▸ WORK ORDER
Repeat the data in full and exactly. Leave the pictures out.
──────── AVAILABLE DATA
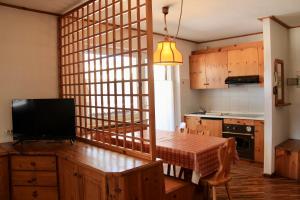 a kitchen with a table and a television in a room at Residence Casa Cavalese in Cavalese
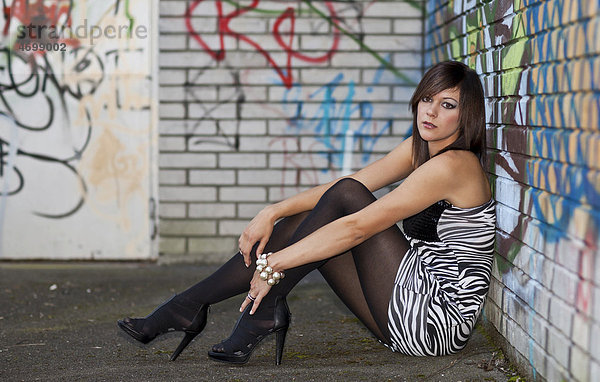 Junge Frau mit dunklen Haaren  Oberteil mit Zebra-Muster und hochhackigen Schuhen posiert sitzend vor Graffitiwand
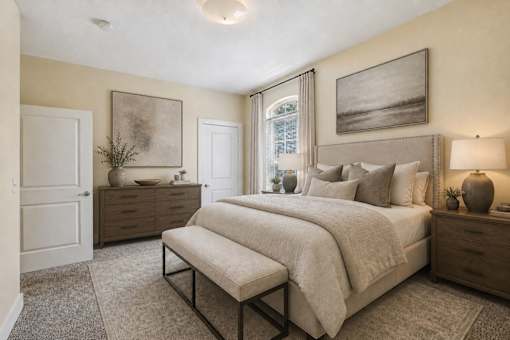 A bedroom with a large bed and a bench in front of it.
────────────────
▸ COMPLETED EXERCISE
 a kitchen with a table and a television in a room at Residence Casa Cavalese in Cavalese
 Junge Frau mit dunklen Haaren  Oberteil mit Zebra-Muster und hochhackigen Schuhen posiert sitzend vor Graffitiwand
 A bedroom with a large bed and a bench in front of it.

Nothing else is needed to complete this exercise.